[Zope-dev] Searching/Indexing/ZODB/SQL/BerkleyDB

Chris Withers chrisw@nipltd.com
Wed, 28 Nov 2001 14:37:57 +0000


Casey Duncan wrote:
> 
> > > I would be willing to help both in coding and getting the code put into
> > > the Zope core.
> >
> > <raises hand> me too!

Me three! :-)

Just to put my take on all of this...

As some of you may know, I've been looking at indexign for a while now in one
way or another...

> > I'm interested in this too, and I'm keen to get a solution that will
> > work with just the ZODB, without needing all of Zope.
> 
> Yes, I second, third and forth that motion. I have a bunch of ideas kicking
> around for ZODB-level indexing. Let's talk more. 

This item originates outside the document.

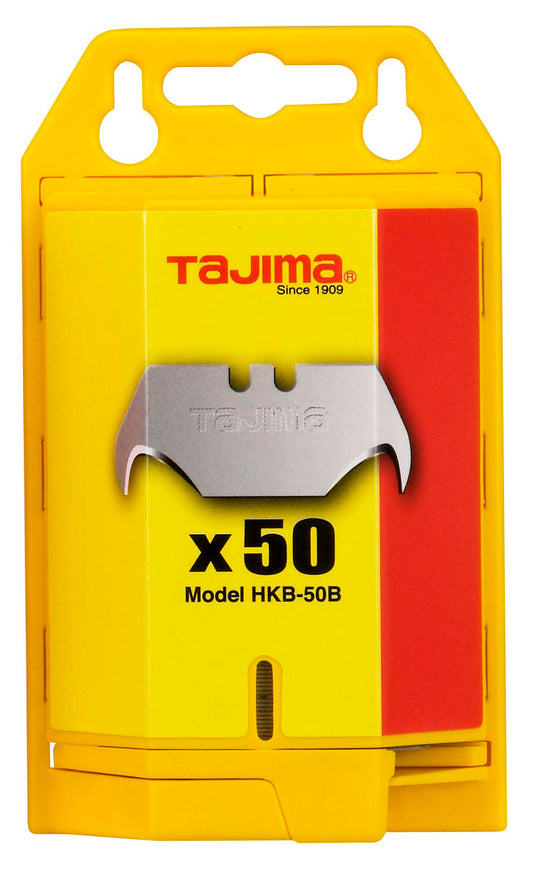 Tajima DEEP HOOK Hakenklingen HKB-50B – 50 gehärtete Profi-Hakenklingen für Bitumen, Bodenbeläge & robuste Materialien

I don't believe this is a good idea anymore, especially if you get into any kind
of amount of data.
ZODB simple doesn't seem to scale to indexing very well. You all have no doubt
experienced this with ZCatalog TextIndexes... I have a more flexible and
pluggable indexer written for ZODB (not only Zope! ;-) but it didn't scale to
anything like I needed :-(

FileStorage goes through RAM at a rate of knots. Jim has a patch for this, but I
haven't had a chance o stress test it yet.
bsddb2Storage currently hammers disk meaning it has worse performance when
indexing than FileStorage ;-)

I'm currently working on a MySQL-based full text indexer with phrase matching,
and potentially wildcards some time soon. For me, once this is cracked,
FieldIndexes and the like are trivial in SQL and I intend to encapsulate the
whole thing in a python class for ease of use. This is what I think might be the
best solution; relational databases to tables well, that's what indexing is all
about: tables.

That said, I wasn't aware of Matt's work up until very recently. I'd love to see
an Indexer that didn't require an RDB (or BerkleyDB :-P) and scaled to GigaBytes
of Data...

> Perhaps we should arrange an
> "indexing and catalog" chat on #zope.

...definitely. When shall we set a time and date?

cheers,

Chris